An ancient lost continent is lying at the bottom of the Indian Ocean, underneath the island of Mauritius, according to a new study led by a geologist from South Africa’s University of the Witwatersrand.
“Mauritia,” what researchers have dubbed the continental fragment, likely broke off of the supercontinent Gondwana as it splintered some 200 million years ago to form the continents of Africa, India, Australia, South America, and Antarctica. The team found zircons, minerals found mostly in the granite found in continents, that were as many as 3 billion years old on the island of Mauritius which is itself only 8 million years old.
“The fact that we have found zircons of this age proves that there are much older crustal materials under Mauritius that could only have originated from a continent,” said Lewis Ashwal, from Wits University and lead author of the report published in Nature Communications this week.
Researchers had previously found zircon crystals of a similar age on the beaches of Mauritius, but critics questioned whether the mineral could have been blown onto the island from elsewhere. Ashwal’s study looked at crystals recovered from trachyte rocks, igneous volcanic rock, where the zircons would have only emerged from volcanic eruption.
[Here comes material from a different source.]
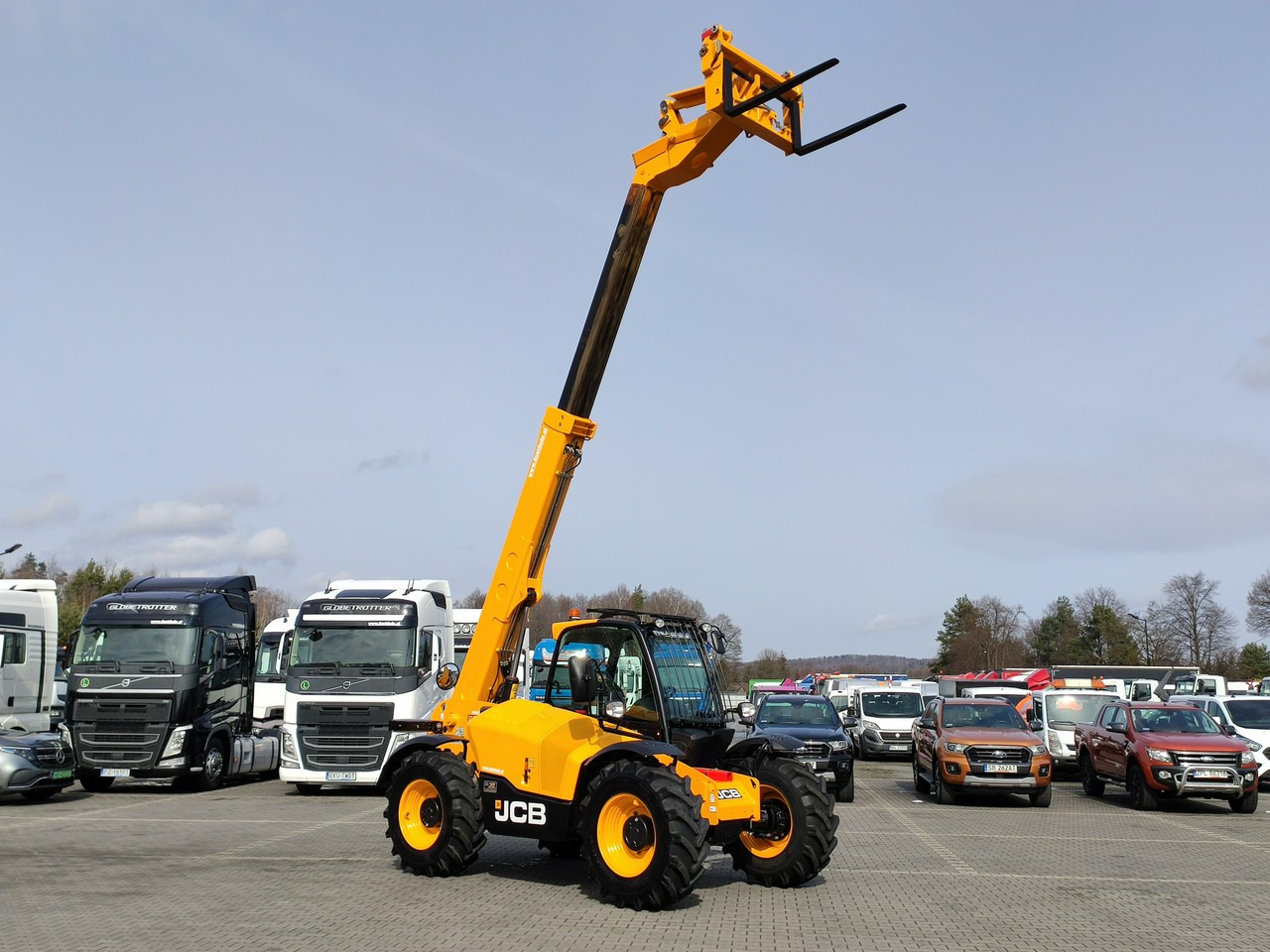 JCB 531-70 Stage V Klimatyzacja Sterowanie Joystick na GWARANCJI !!! - Телескопический погрузчик: фото 3 JCB 531-70 Stage V Klimatyzacja Sterowanie Joystick na GWARANCJI !!! - Телескопический погрузчик: фото 3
To date the crystals, Ashwal’s team was meticulous about avoiding cross contamination with rocks from other samples. Moreover, the laboratory used at the German Research Centre for Geosciences in Potsdam, Germany had never processed rock as old as the zircons they found. “[The zircons] cannot have been introduced into the rocks by wind, waves, or transported by birds, car tires, or people’s shoes,” Ashwal said.